The task:
Set down word for word the lines that begin the entries and run through the line containing "Little Me Blankets". Give nothing further.

The data:
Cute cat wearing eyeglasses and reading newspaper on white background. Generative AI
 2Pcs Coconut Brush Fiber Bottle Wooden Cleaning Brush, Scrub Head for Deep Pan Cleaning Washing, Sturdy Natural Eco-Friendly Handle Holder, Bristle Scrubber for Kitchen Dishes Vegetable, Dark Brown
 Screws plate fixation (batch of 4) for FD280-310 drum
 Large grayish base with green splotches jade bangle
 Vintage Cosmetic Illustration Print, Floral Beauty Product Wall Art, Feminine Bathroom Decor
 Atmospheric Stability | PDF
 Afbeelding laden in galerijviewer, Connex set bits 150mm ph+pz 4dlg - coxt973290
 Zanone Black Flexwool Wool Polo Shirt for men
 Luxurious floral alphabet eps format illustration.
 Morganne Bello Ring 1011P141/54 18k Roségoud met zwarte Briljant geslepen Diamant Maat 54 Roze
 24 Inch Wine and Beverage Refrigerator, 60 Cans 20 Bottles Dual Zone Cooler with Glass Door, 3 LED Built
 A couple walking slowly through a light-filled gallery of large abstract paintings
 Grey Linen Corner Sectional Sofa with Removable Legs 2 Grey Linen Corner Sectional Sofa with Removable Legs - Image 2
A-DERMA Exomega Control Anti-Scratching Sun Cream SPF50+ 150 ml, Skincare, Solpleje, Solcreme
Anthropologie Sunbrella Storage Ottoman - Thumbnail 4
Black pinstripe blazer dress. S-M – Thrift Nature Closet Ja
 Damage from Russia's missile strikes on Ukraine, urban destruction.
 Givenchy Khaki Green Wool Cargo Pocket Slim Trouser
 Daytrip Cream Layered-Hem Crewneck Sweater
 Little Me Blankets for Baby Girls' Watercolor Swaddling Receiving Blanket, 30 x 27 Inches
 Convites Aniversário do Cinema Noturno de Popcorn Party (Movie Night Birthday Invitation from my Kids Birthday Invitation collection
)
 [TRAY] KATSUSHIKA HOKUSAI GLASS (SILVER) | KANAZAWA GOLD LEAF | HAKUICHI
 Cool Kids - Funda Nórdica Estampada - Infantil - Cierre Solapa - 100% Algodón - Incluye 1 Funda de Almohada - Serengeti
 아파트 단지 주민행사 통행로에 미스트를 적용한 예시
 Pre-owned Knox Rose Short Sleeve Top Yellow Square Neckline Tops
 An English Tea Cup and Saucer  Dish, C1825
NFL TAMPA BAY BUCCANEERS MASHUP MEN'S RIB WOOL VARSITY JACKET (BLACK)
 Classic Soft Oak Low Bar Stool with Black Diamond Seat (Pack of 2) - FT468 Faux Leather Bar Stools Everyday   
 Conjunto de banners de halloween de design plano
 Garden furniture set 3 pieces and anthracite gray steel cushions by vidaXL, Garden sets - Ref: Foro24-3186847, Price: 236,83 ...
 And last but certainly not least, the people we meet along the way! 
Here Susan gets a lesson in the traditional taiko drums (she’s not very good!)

Result of this task:
Cute cat wearing eyeglasses and reading newspaper on white background. Generative AI
 2Pcs Coconut Brush Fiber Bottle Wooden Cleaning Brush, Scrub Head for Deep Pan Cleaning Washing, Sturdy Natural Eco-Friendly Handle Holder, Bristle Scrubber for Kitchen Dishes Vegetable, Dark Brown
 Screws plate fixation (batch of 4) for FD280-310 drum
 Large grayish base with green splotches jade bangle
 Vintage Cosmetic Illustration Print, Floral Beauty Product Wall Art, Feminine Bathroom Decor
 Atmospheric Stability | PDF
 Afbeelding laden in galerijviewer, Connex set bits 150mm ph+pz 4dlg - coxt973290
 Zanone Black Flexwool Wool Polo Shirt for men
 Luxurious floral alphabet eps format illustration.
 Morganne Bello Ring 1011P141/54 18k Roségoud met zwarte Briljant geslepen Diamant Maat 54 Roze
 24 Inch Wine and Beverage Refrigerator, 60 Cans 20 Bottles Dual Zone Cooler with Glass Door, 3 LED Built
 A couple walking slowly through a light-filled gallery of large abstract paintings
 Grey Linen Corner Sectional Sofa with Removable Legs 2 Grey Linen Corner Sectional Sofa with Removable Legs - Image 2
A-DERMA Exomega Control Anti-Scratching Sun Cream SPF50+ 150 ml, Skincare, Solpleje, Solcreme
Anthropologie Sunbrella Storage Ottoman - Thumbnail 4
Black pinstripe blazer dress. S-M – Thrift Nature Closet Ja
 Damage from Russia's missile strikes on Ukraine, urban destruction.
 Givenchy Khaki Green Wool Cargo Pocket Slim Trouser
 Daytrip Cream Layered-Hem Crewneck Sweater
 Little Me Blankets for Baby Girls' Watercolor Swaddling Receiving Blanket, 30 x 27 Inches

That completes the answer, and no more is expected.